[[ RECORDS SHOWN, beginning ]]

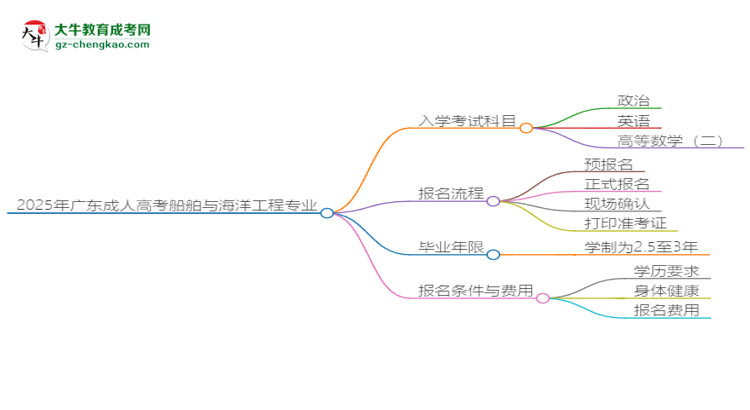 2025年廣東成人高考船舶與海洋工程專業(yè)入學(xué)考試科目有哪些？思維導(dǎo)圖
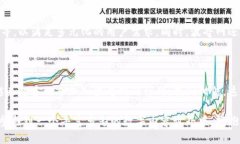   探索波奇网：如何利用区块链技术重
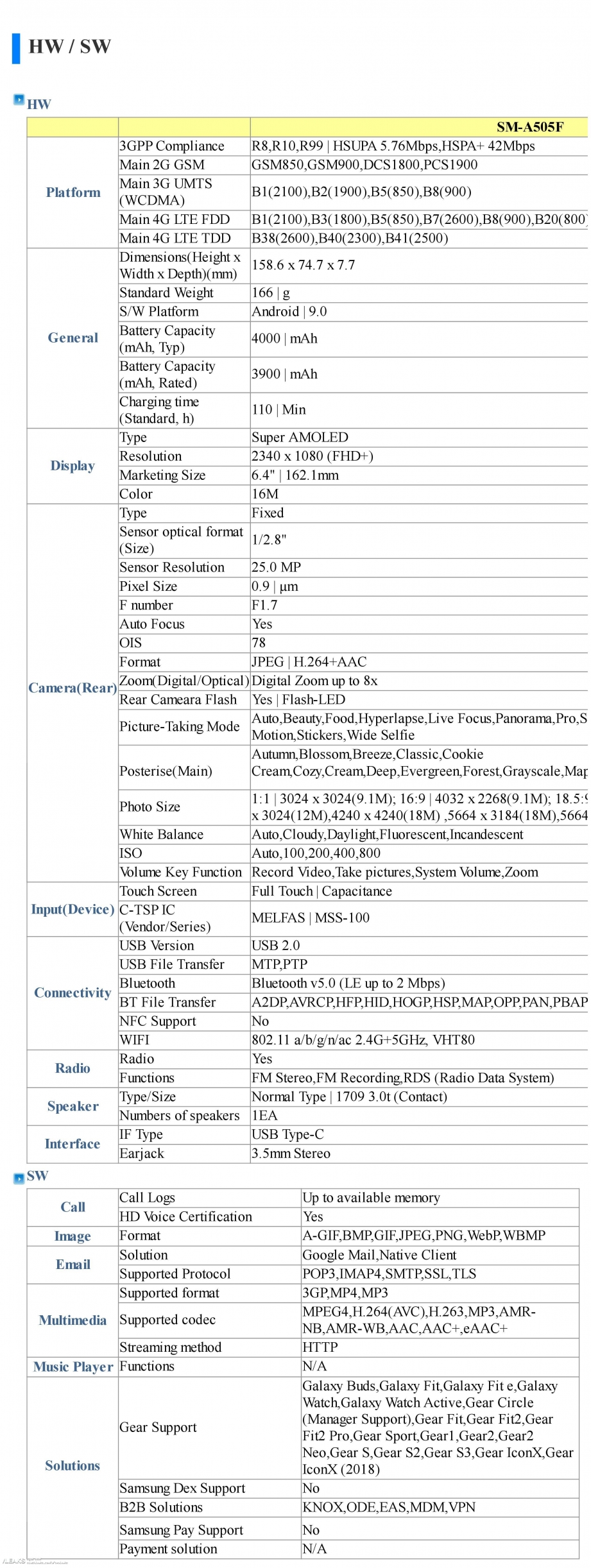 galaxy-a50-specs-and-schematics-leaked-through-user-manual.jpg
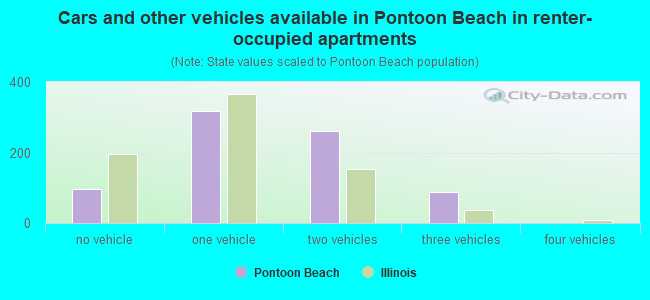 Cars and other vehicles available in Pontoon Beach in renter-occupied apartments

[[ RECORDS SHOWN, end ]]
[[ RECORDS SHOWN, beginning ]]

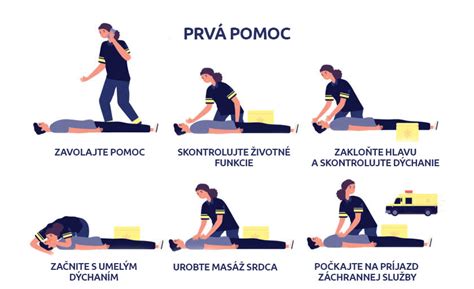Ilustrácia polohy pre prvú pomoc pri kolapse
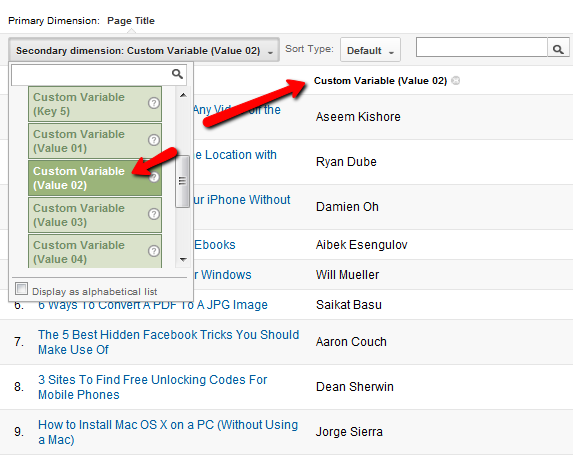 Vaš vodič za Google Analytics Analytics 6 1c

[[ RECORDS SHOWN, end ]]

**WHAT IS NEEDED:** Everything above from the line with "Ilustrácia polohy pre prvú pomoc pri kolapse" through the line with "Vaš vodič za Google Analytics Analytics 6 1c" should be retyped exactly, and nothing else; omit pictures.

**THE ANSWER:**
Ilustrácia polohy pre prvú pomoc pri kolapse
 Vaš vodič za Google Analytics Analytics 6 1c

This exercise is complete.